Friday, March 21, 2014

52 Weeks of Genealogy - Week 10 - Occupations

I have decided to try to participate in Shauna Hicks's 52 Weeks of Genealogical Records in 2014, although I do lack a little confidence in my ability to do full justice to each topic, as I seem to be rather time-poor lately.  I have a bit of catching up to do also,  as I am coming in at Week 10.  Better late than never.
Shauna launched this blog challenge to "stimulate my own genealogy blogging efforts in 2014 by focussing on a different kind of genealogical record each week. I wanted a challenge that reflected my own archival background as well as my own genealogy interests and there are probably lots of other records that I could have included.

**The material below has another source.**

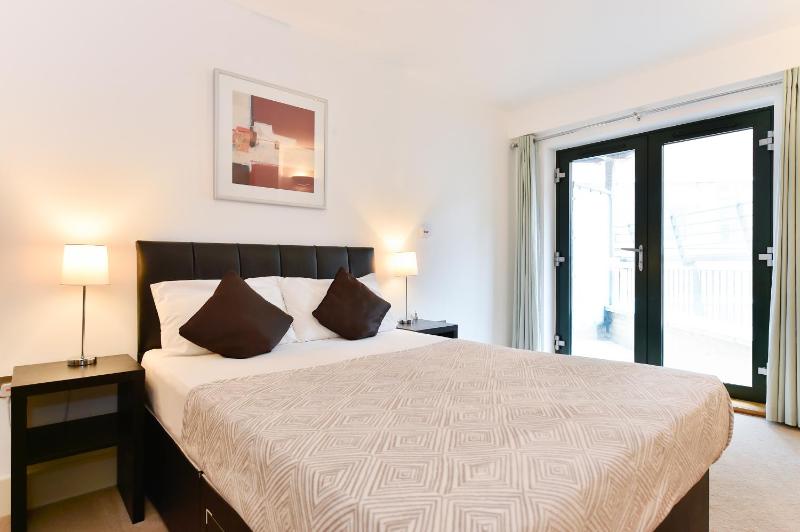 One-Bedroom Apartment image 2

The challenge has an Australian focus but most of these records will be found just about anywhere in the genealogy world."  What a great idea!

Week 10 focuses on Occupation Records.  Within my own famiy history many ancestors were tied to the land (Ag Labs abound), although some professions do seem to appear quite regularly in some lines.  6 generations of Millers appear in my father's mother's family, 4 generations of plasterers run in my mother's paternal line.  Census records give me the professions of a few generations, with Ancestry (I use the Library Edition) as my main source of records.  Several old directories have been very handy too, including the Historical Directories of England and Wales.  Sometimes marriage or death certificates have given me information, and Trove has been another useful source.

Once you find the occupation it can be another challenge to work out exactly what the occupation involved.  Sites such as Old Occupation Names or Old Occupations in Scotland can be a great source of information (and amusement), especially for my favourite example, the ancestor who listed Hooker as her occupation on her marriage certificate in 1874.  For those who think this may be just too much information at such a time - here is the listing from Old Occupation Names :
1) 16c. Reaper 2) 19c. Textile mill worker operating machinery which laid out fabric in uniform folds to required length.  Yes, she worked in a textile mill.


  1. Thanks for taking up the blog challenge and I look forward to reading your posts. I will add links into my posts so that others can easily find your posts too. Good luck with the challenge!

  2. Thanks Shauna. This is a great idea to get us thinking about different types of records and sources. I'll try to work backwards to complete the first 9 weeks as well as forward - I did Week 9 earlier today.